Attention: The internal data of table “148” is corrupted!

A little background: The number of Housing Court cases filed in Manhattan fell about 24 percent over the past six years, to 59,173 in 2013, the most recent figures from the New York State Unified Court System show. But the number of evictions rose to 4,525, in 2013, an increase of 13 percent from the year earlier, the city’s Department of Investigation reported. Taken together, the two statistics show that a Housing Court case filing is increasingly likely to lead to an eviction. The ratio of evictions to cases filed rose to 7.6 percent, or nearly one out of every 13 cases in 2013, from 5 percent, or one out of every 20 cases, in 2007.

Full court press

The most active buildings in TRD’s survey, as a percentage of their units, were concentrated in Upper Manhattan. However, the single most-active building as a percentage was an anomaly within this survey, both for its location, and because it is not owned by a typical landlord. The Daughters of Mary of the Immaculate Conception, an order of nuns based in New Britain, Connecticut, own and operate St. Joseph’s Immigrant Home, a 75-unit building in Hell’s Kitchen at 425 West 44th Street, between Ninth and 10th avenues. The building, with common bathrooms and kitchens, has provided low-cost housing to immigrant women for decades.

In an effort to stabilize the finances of the building, which a source said runs a deficit of about $100,000 per year, the nuns imposed an increase in the rent by $150 per room per month. That was up from a range of $375 to $475 per month. While some tenants left, and some paid the higher rate, a group of women balked at the increases and initiated a rent strike.

By mid-November, the order had filed 25 holdover cases, representing one-third of the building’s units, against the tenants in an effort to impose the higher rent. That figure rose to 27 cases last month. Since the single-room occupancy building is owned by a nonprofit religious group using it for a charity purpose, the tenants are not protected by the same laws that apply to most SRO buildings, said Joe Restuccia, co-chair of Community Board 4’s housing, health and human services committee.

The SRO-focused MFY Legal Services, along with the nonprofit Housing Conservation Coordinators and the Goddard Riverside SRO Law Project, are representing the 27 tenants. An attorney for Goddard said the order wants all of those tenants out by January 2016.

“Even with the rent increases, which more than half of the residents are paying, it will take years for my client to erase this deficit,” Andrew Wagner, an attorney representing the nuns. said in an email.

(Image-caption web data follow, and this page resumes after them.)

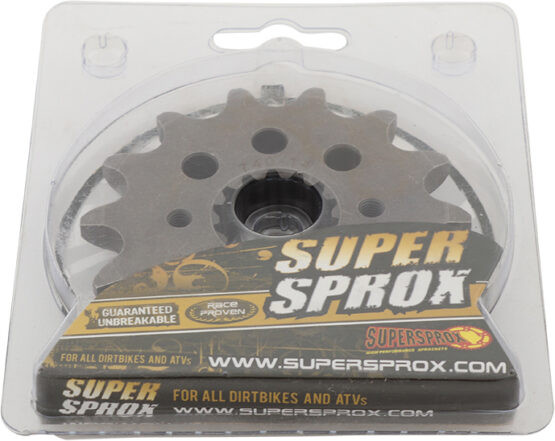 Supersprox 14T Front Steel Countershaft Sprocket 525 Chain Fits Ducati - Image 2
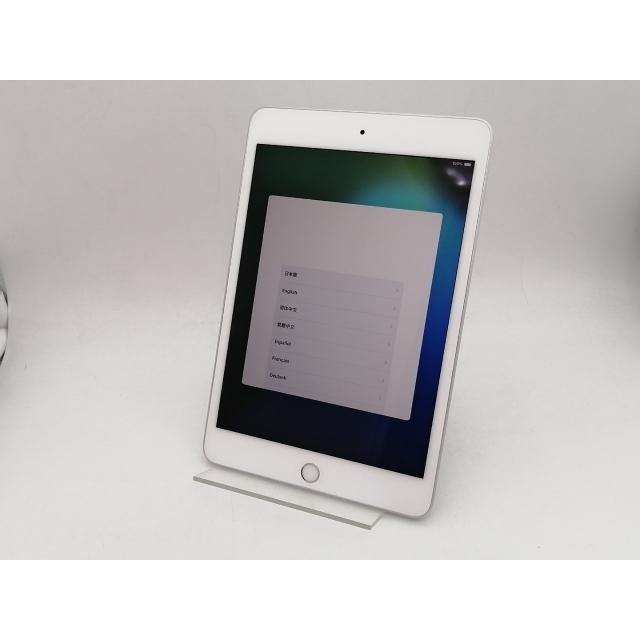 中古】Apple 【Wi-Fi】 iPad mini（第5世代/2019） 64GB シルバー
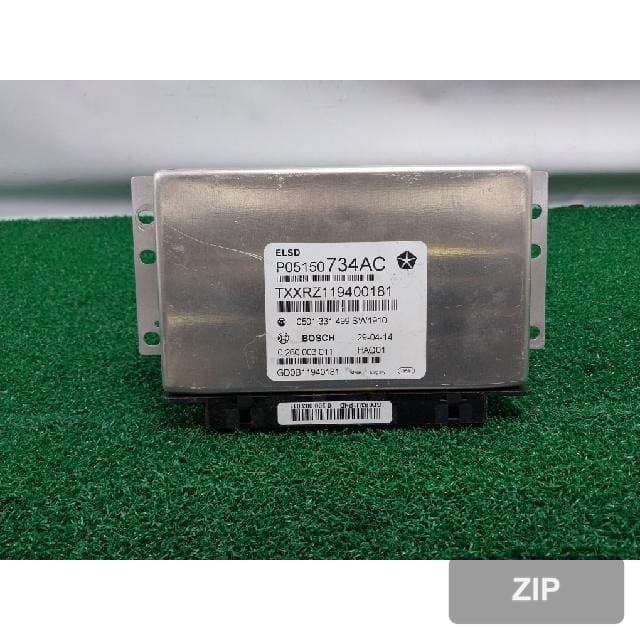 Модуль (блок управления) Jeep 3.0 CRD, OEM 05150734AC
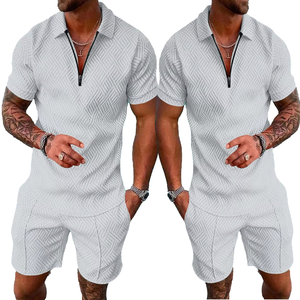 T-shirt unisexe ample à épaules tombantes en coton doux, coupe décontractée, respirant, style streetwear estival, minimaliste et confortable - Product Image 6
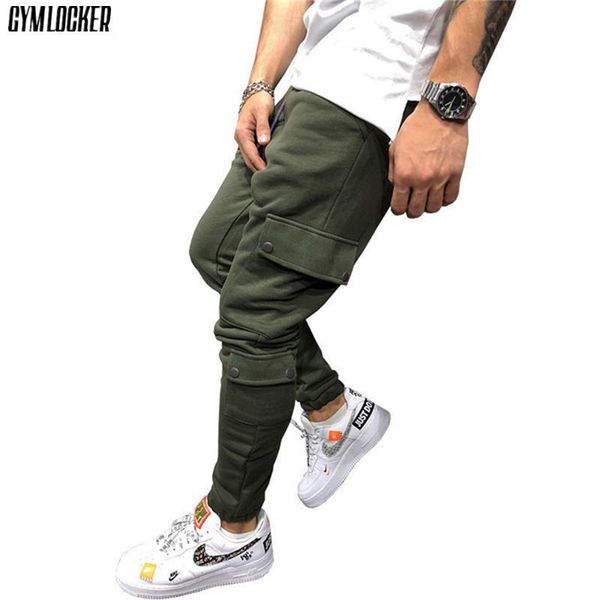 men's pants gymlocker autumn brand casual solid color loose trousers male bodybuilding jogger sweatpants clothes men, Black
men's pants gymlocker autumn brand casual solid color loose trousers male bodybuilding jogger sweatpants clothes men, Black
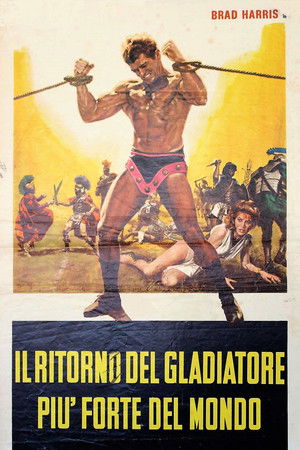 Il ritorno del gladiatore più forte del mondo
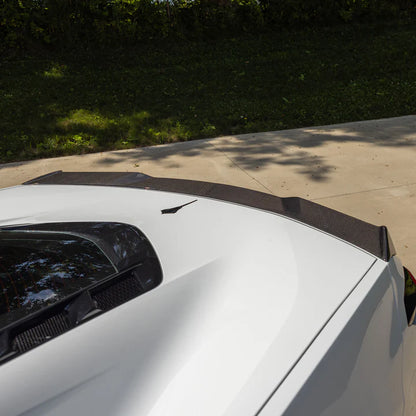 Chevrolet Corvette C8 Spoiler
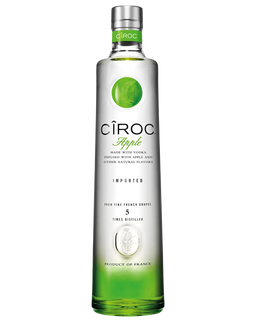 Ciroc Vodka Apple 1L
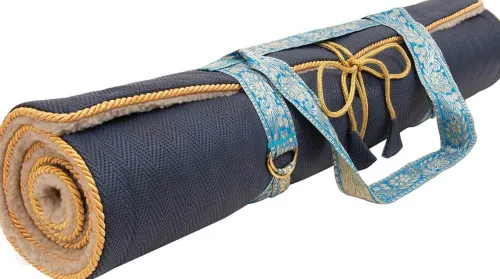 Yoga Rug Mat|Holistic Silk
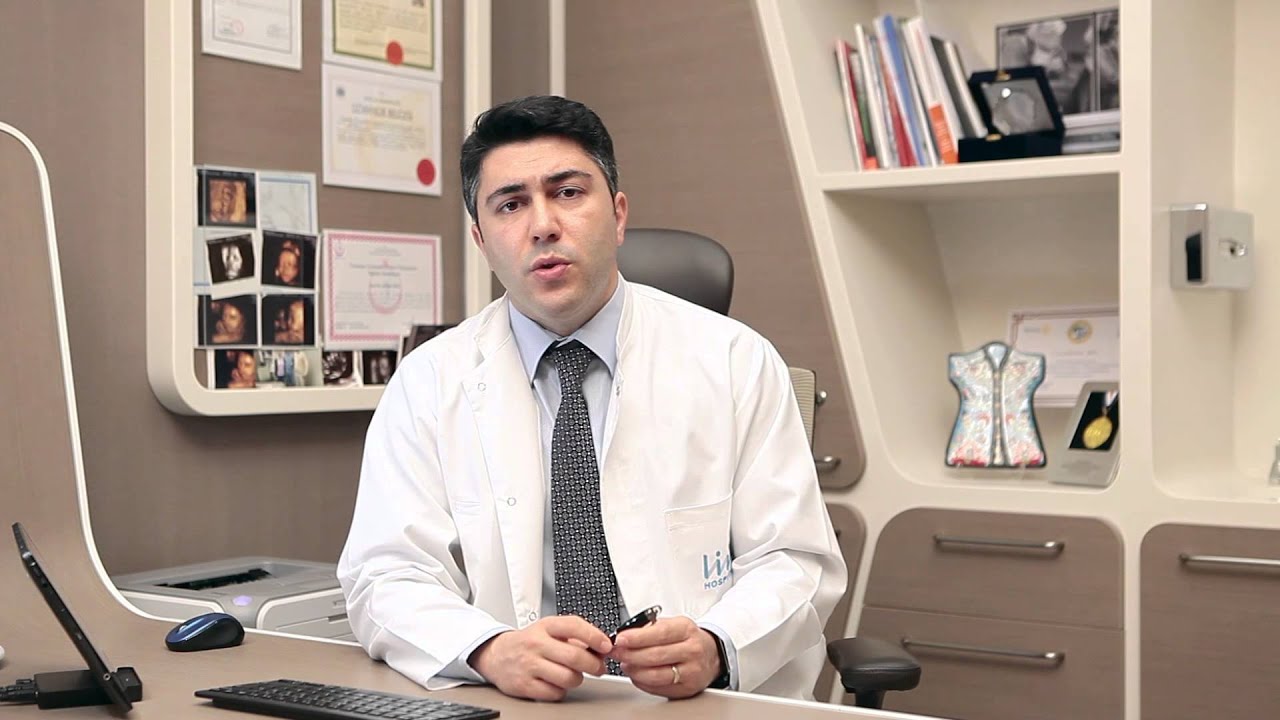 Op. Dr. Serkan ORAL - T&uuml;p Bebekte Genetik Tanı Nedir?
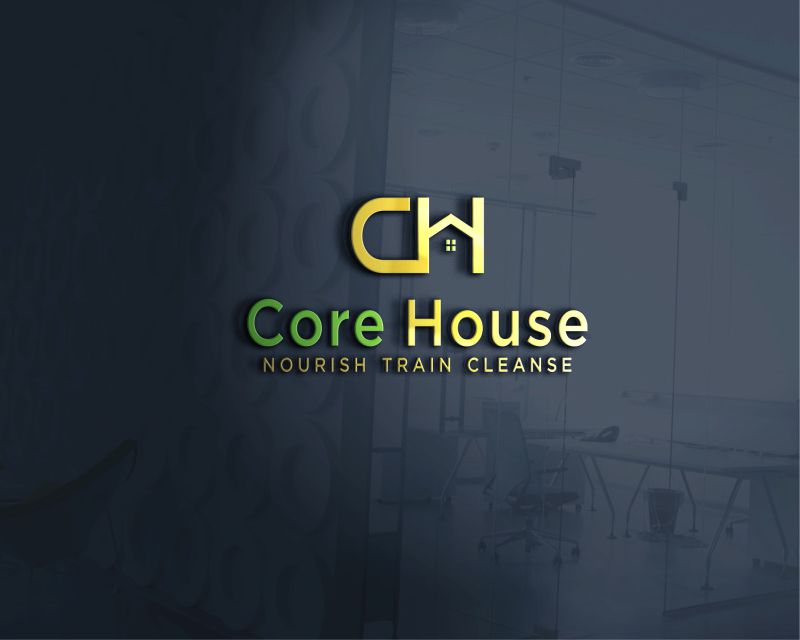 Logo Design entry 1333902 submitted by Fredi to the Logo Design for Core House run by 28 DAY CHALLENGE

Next on the list was the low-profile landlord Cyrus Management, led by members of the Hakakian family. Cyrus owns three six-story buildings at 533, 537 and 541 West 158th Street in Washington Heights, which have a total of 70 units. The landlord had 21 open cases in housing court, or 30 percent of the apartments in the buildings, as of mid-November. The company did not respond to a request for comment. Housing advocate Evan Hess of the nonprofit Northern Manhattan Improvement Corp., was not familiar with the specifics of the buildings, but observed that 30 percent seemed unusually high. “It is not common for so many cases in a building,” he said.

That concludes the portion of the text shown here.